The two men look remarkably similar, tall and lanky with the same smile and distinctive hairline.
Ram Dass, who has had relationships with both men and women, never wanted children, had never placed much value on family. But now that Peter is in his life, the man who famously said “If you think you’re enlightened, go spend a week with your family” seems to be rethinking the connection. He lights up when he speaks of his son visiting him in Maui with his wife and daughter. One Sunday in the guesthouse, he gets fidgety when Muib is a couple of minutes late to wheel him back. It is nearly one o’clock; he does not want to be late for his weekly Skype date with his son.
The last morning of the retreat, Ram Dass knocks on the guesthouse door. He has come bearing gifts: pictures of Maharaj-ji and malas knotted with threads from Maharaj-ji’s blanket.
In the late afternoon, the musicians from the beach come to the house for an improvised kirtan, just a handful of us sitting cross-legged on the sofa. Nobody seems to remember the words to the Hanuman Chalisa—definitely not the musicians, who have never played kirtan before—but when they segue into the familiar call-and-response chants, we sing our hearts out.

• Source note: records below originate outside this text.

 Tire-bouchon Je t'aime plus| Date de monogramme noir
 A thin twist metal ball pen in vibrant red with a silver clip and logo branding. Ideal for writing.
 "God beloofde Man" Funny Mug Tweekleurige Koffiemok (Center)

I pick up a drum and find the beat. Ram Dass beckons me to hand him the finger cymbals.
“You’ve got rhythm,” Ram Dass tells me.
I’m sad to be leaving, I say. I am, in my heart, and want to stay there.
He takes my hand.
“You will be bathed in loving light whenever you want it,” he assures me. “That’s what grace is.”
Polishing The Mirror
For over 40 years, Ram Dass has been exploring—and writing about—a soul-centered life path, his journey from living in his head to living in his heart. Since his first book was published in 1971 (Be Here Now, which has sold over 2 million copies), he has described the various methods and experiences that have helped him navigate his own life’s voyage: psychedelics, meditation, bhakti yoga, karma yoga, guru kripa, prayer, service, and working with the dying, sick, and aging.

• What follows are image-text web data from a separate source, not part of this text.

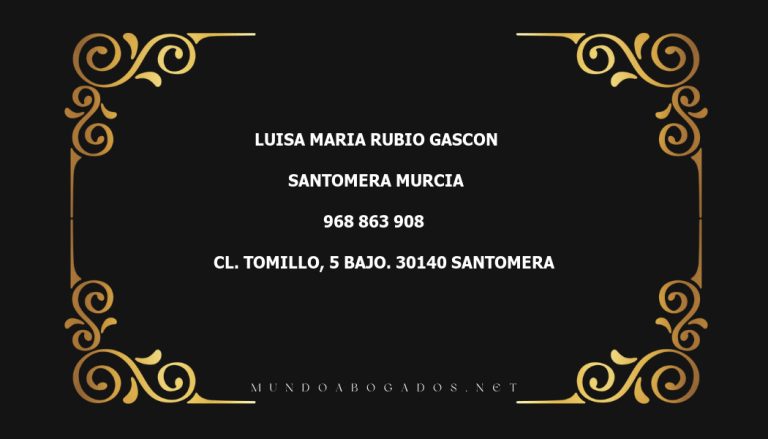 abogado Luisa Maria Rubio Gascon en la localidad de Santomera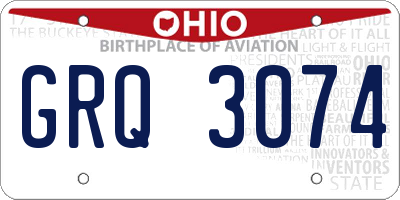 OH license plate GRQ3074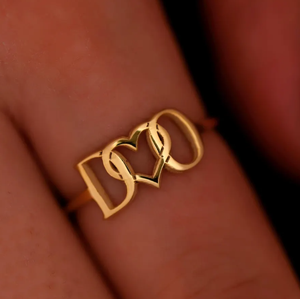 Personal isierte Paar Initial Ring mit Herz benutzer definierte Zwei-Buchstaben-Ring Versprechen Ring Geschenk für Freundin Großhandel handgemachten Schmuck - Product Image 6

His latest book is Polishing the Mirror: How to Live From Your Spiritual Heart (Sounds True, 2013), written with his friend and collaborator Rameshwar Das. The book’s title is inspired by the first line of the Hindu devotional hymn Hanuman Chalisa: “I cleanse the mirror of my heart with the pollen dust of holy Guru’s lotus feet.”
“This internal reflection,” Ram Dass writes, “can also be seen as a process of witnessing . . . our own actions, thoughts, and emotions with an attitude of tolerance and love.”

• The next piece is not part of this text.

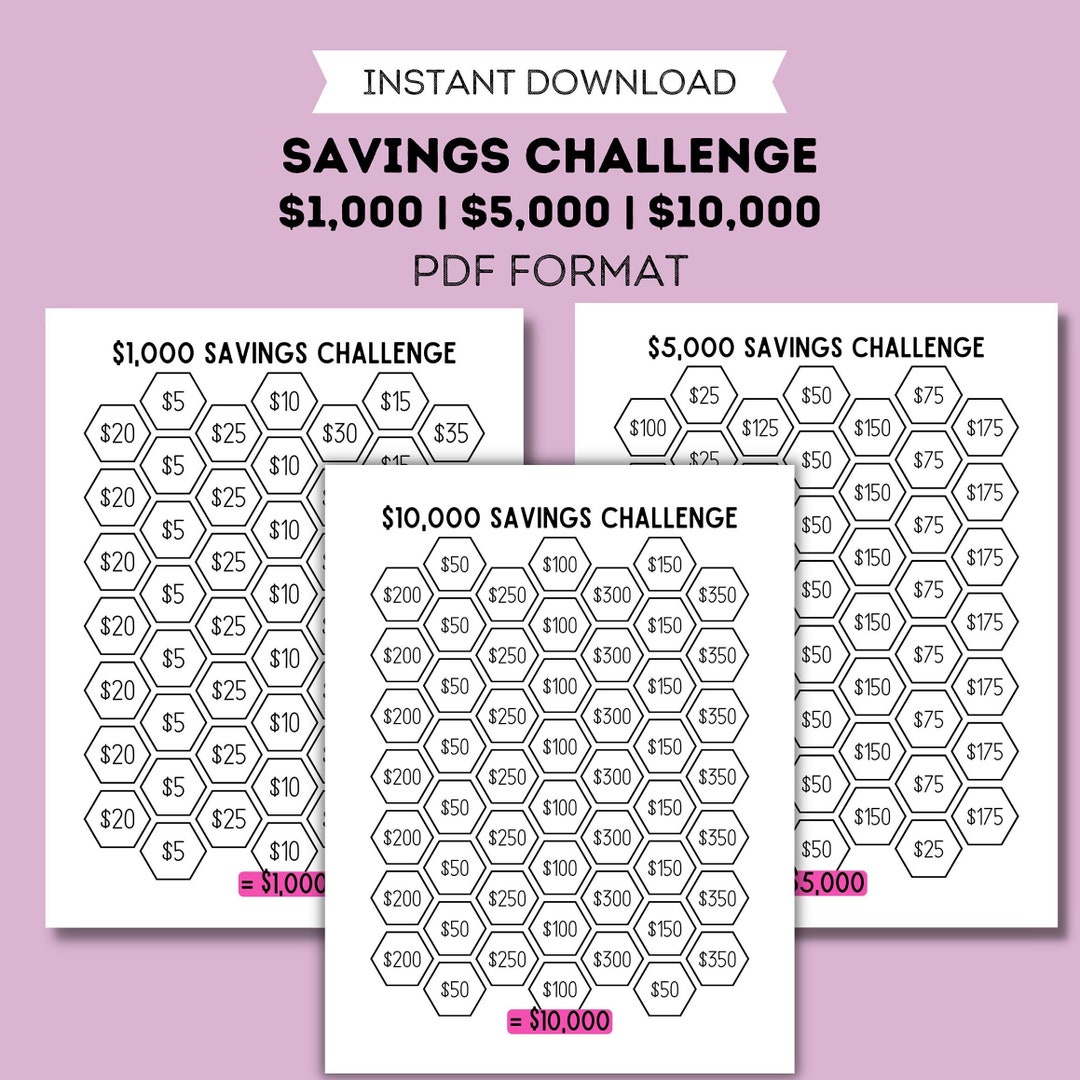 Money Savings Challenge Printable PDF Digital Download Instant Money Savings Challenge Printable PDF Digital Download Instant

Ram Dass has been polishing the mirror of his heart for decades. Now 82 years old, he has the process down pat. “As you become more aware of what gets you to God and what doesn’t,” he writes, “you will naturally let go of what doesn’t.”
For those negotiating this process, Polishing the Mirror offers an eclectic tool kit. Kirtan chants and meditation suggestions are mixed with classic Ram Dass stories, tales from the Hindu epic Ramayana, and poems by Rilke and Rumi (and Hallmark!). His take on subjects such as karma and relationships blends with his observations on aging, changing, and dying.
His message, as clear as it has always been and delivered with his inimitable humor, does not deviate much from the original words of wisdom he received from his guru, Neem Karoli Baba, many years ago: Love everyone and tell the truth.
The fact that this book does not get into the deeply personal exploration of his own final chapter—the book that would be the natural follow-up to Still Here, which ends with a recounting of his devastating 1997 stroke—leads us to think that Ram Dass has at least one more book in him.
Or not. As he notes, “your romantic attachment to your own story line and how it comes out fades.”